Başbakan Recep Tayyip Erdoğan, Abdi İpekçi Spor Salonu’nda düzenlenen Erzurum’un 93. Kurtuluş Yıl Dönümü Şöleni’ne katıldı Burada yaptığı konuşmada, İstanbul’da, Erzurumlularla buluşmanın ve hasret gidermenin heyecanını yaşadığını belirterek, İstanbul’daki tüm Erzurumlulara, Erzurum’daki kardeşlerine, tüm Dadaşlara selam ve sevgilerini yolladığını söyledi.
”Japonya’da meydana gelen deprem ve tsunami felaketinde hayatını kaybedenlere başsağlığı ve geçmiş olsun mesajlarını ileten Erdoğan, Erzurum’un depremin ne olduğunu Türkiye’nin depremin acısını bildiğini söyledi. Başbakan Erdoğan, ”Japon kardeşlerimizin acısını paylaşıyor, her türlü imkanımızla yanlarında olduğumuzu, kendileriyle dayanışma içinde olduğumuzu ifade etmek istiyorum. Şu anda Kızılayımız hazır haber bekliyor. Aynı şekilde bir sivil uçağımız, 3 askeri uçağımız hazır haber bekliyor. Tüm kurtarma ekiplerimizle Japonya’da olmaya hazır olduğumuzu Japon dostlarımıza bildirmiş vaziyetteyiz” şeklinde konuştu.

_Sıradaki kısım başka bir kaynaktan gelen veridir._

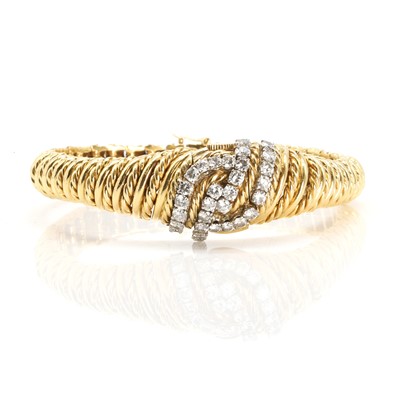 Lot 120 - A ladies' 18ct gold diamond bracelet watch with concealed dial, by Chaumet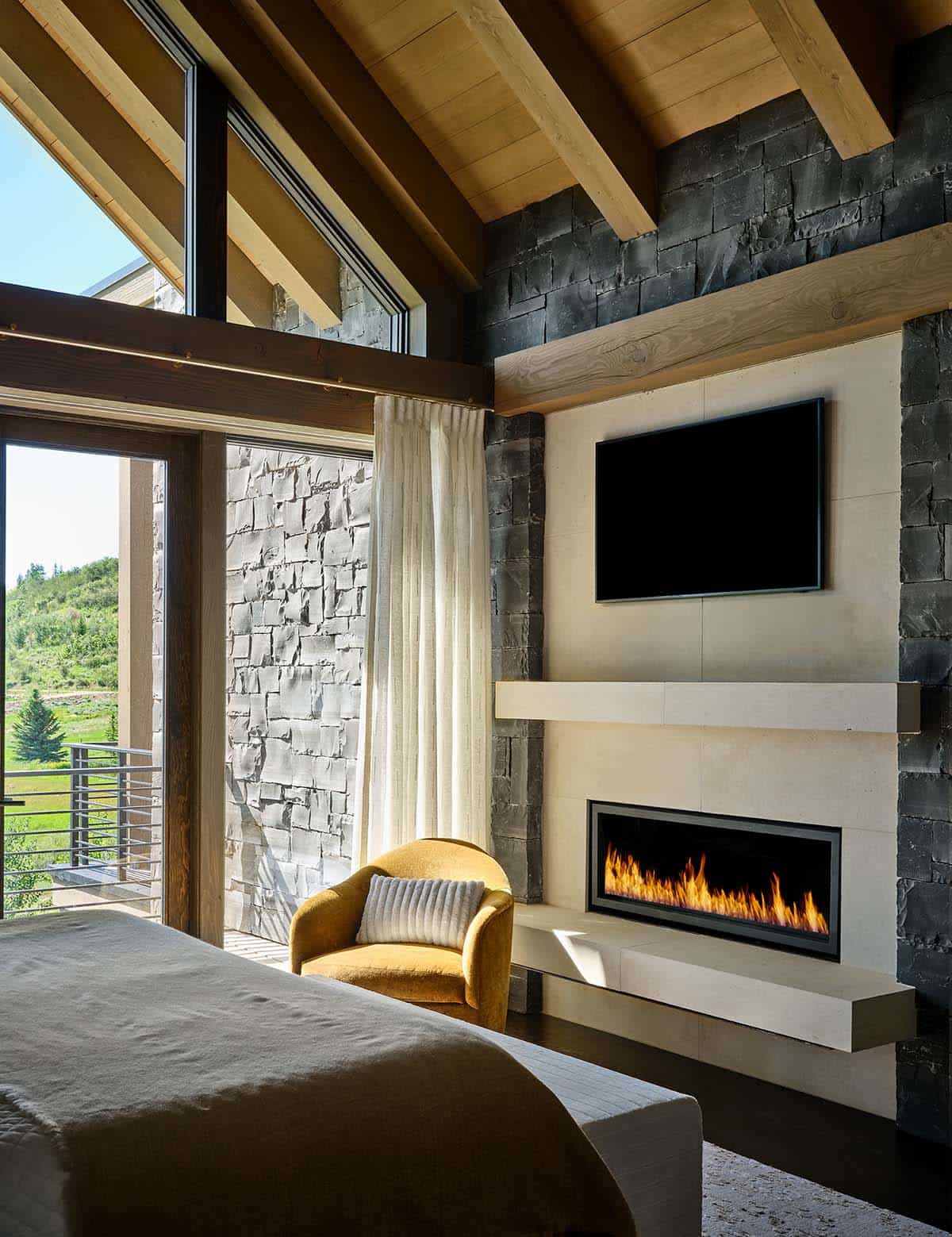 Bedroom with linear fireplace, TV, and yellow accent chair by a window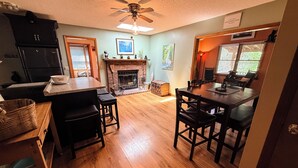 A kitchen with a fireplace, wooden flooring, and a ceiling fan.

Bugün çok önemli iki yıl dönümünün idrak edildiğini kaydeden Erdoğan, Erzurum’un düşman işgalinden kurtuluşunun 93′üncü yıl dönümü nedeniyle tüm Erzurumluları, tüm Dadaşları bu vesileyle tebrik ettiğini söyledi. Erdoğan, bugünün aynı zamanda, İstiklal Marşı’nın kabulünün 90′ıncı yıl dönümü olduğunu anımsatarak, bundan 90 yıl önce 12 Mart 1921′de, İstiklal Marşı’nın Türkiye Büyük Millet Meclisi’nde okunduğunu, ayakta dinlendiğini ve gözyaşları içinde, alkışlar içinde kabul edildiğini belirtti.

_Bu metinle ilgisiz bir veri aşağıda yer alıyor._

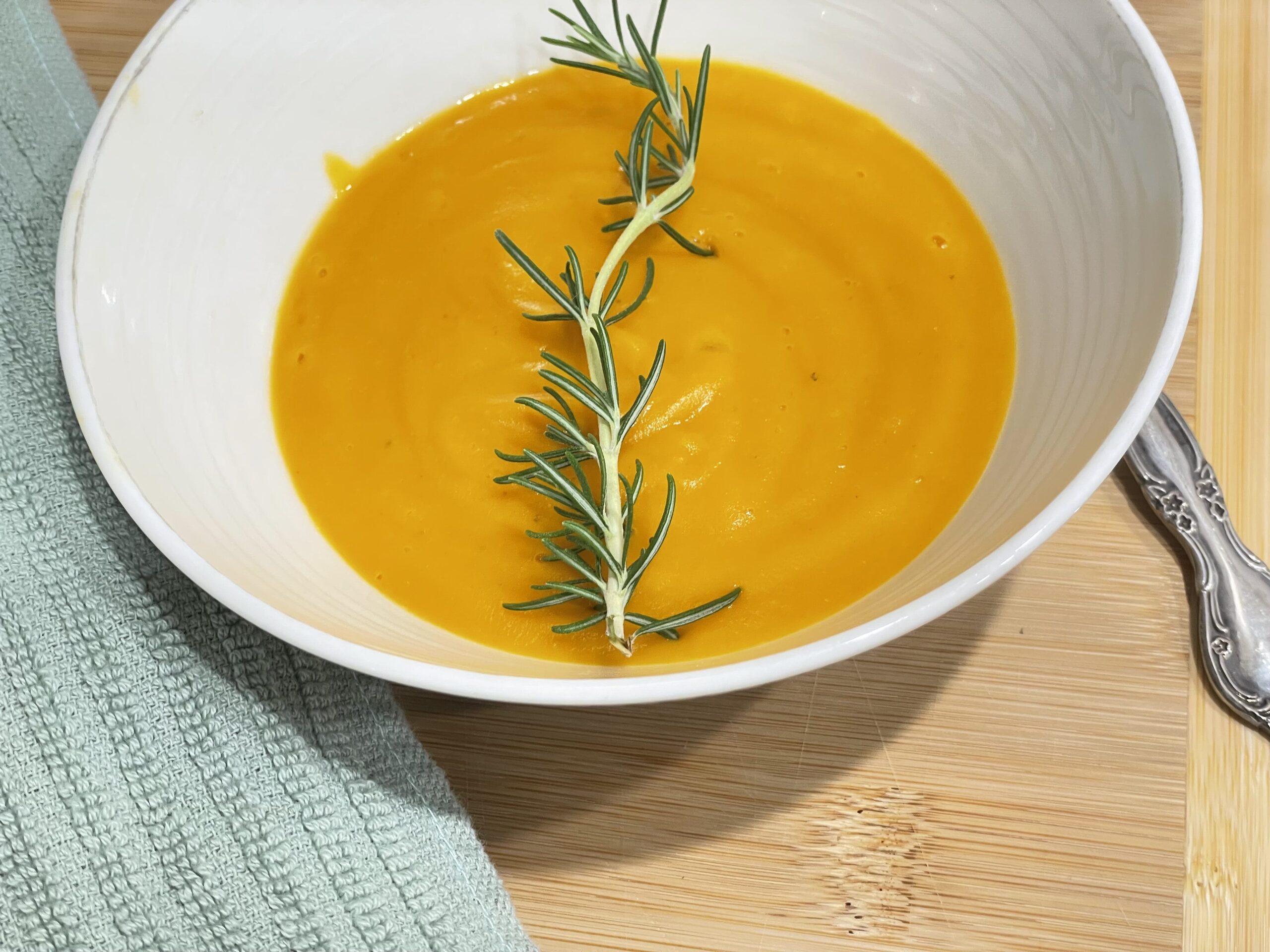 Bowl of carrot soup with napkin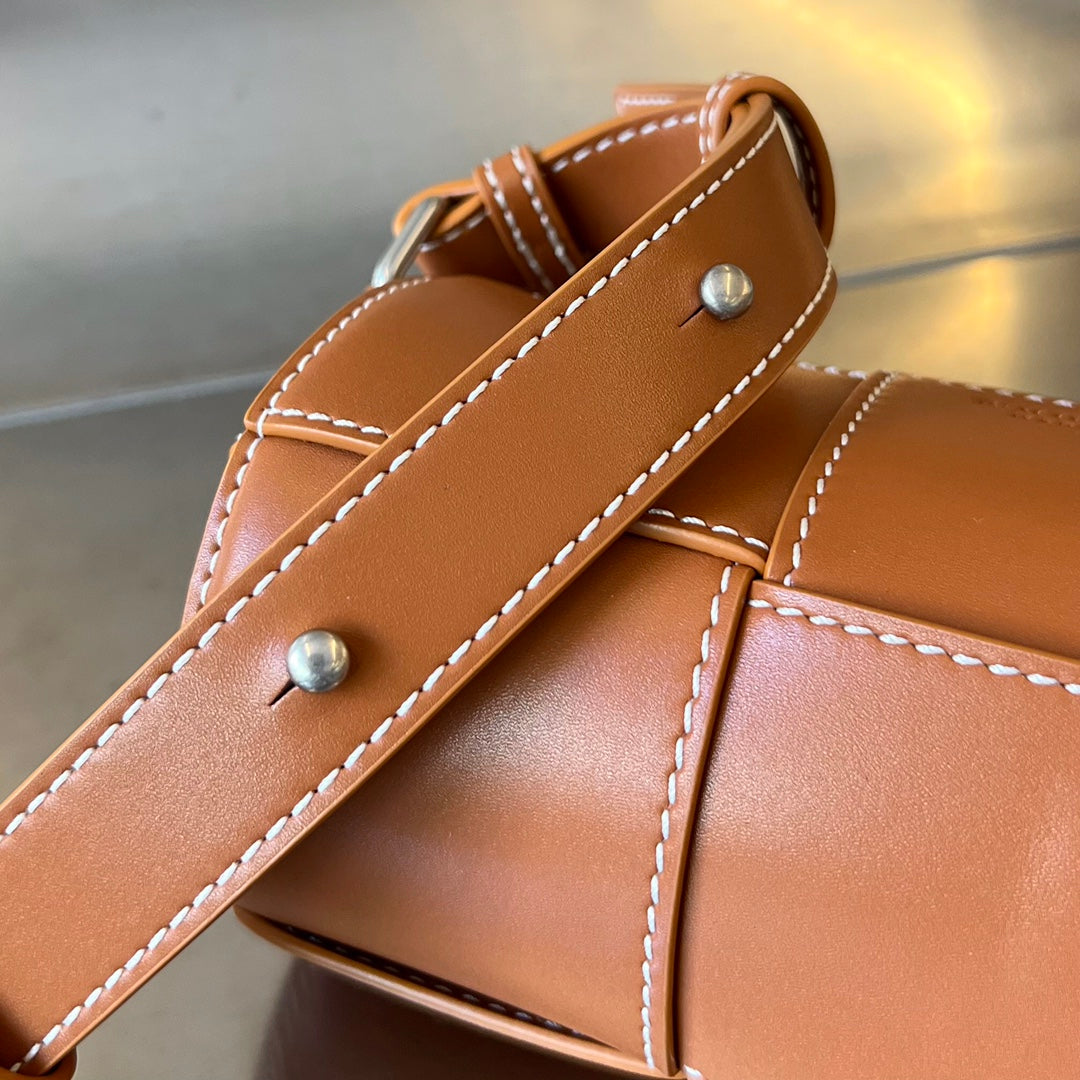 Bottega Veneta Small Cylinder Cassette 21 in Raw Sienna Calfskin Bag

Ümraniye Belediyesi’nin düzenlediği ”11 Farklı Beste ile İstiklal Marşı” törenine katıldığını anlatan Erdoğan, ”Şunu söylemek istiyorum: İstiklal Marşı, bizim yüreğimize nakşolunmuştur. İstiklal Marşı, bizim zihnimize adeta kazınmıştır. İstiklal Marşı, bizim tarihimizdir, bugünümüzdür, istikbalimizdir. Merhum Mehmet Akif, İstiklal Marşı’yla ilgili şunları söylemişti: ‘İstiklal marşı. O şiir bir daha yazılamaz. Onu kimse yazamaz. Onu ben de yazamam. Onu yazmak için, o günleri görmek, o günleri yaşamak lazım. O şiir artık benim değildir. O, milletin malıdır. Benim millete karşı en kıymetli hediyem budur.’ Bu millete en büyük hediyeyi veren, İstiklal Marşı’nın şairi, büyük mütefekkir Mehmet Akif Ersoy’u rahmetle, minnetle yadediyor, Allah ondan razı olsun, mekanı cennet olsun diyorum” diye konuştu. Kurtuluş Savaşı başta olmak üzere tüm şehitleri, tüm gazileri rahmetle ve minnetle yadettiğini ifade eden Erdoğan, kabulünün 90′ıncı yıl dönümünde, İstiklal Marşı’nın son kıtasını bir kez daha paylaşmak istediğini söyledi.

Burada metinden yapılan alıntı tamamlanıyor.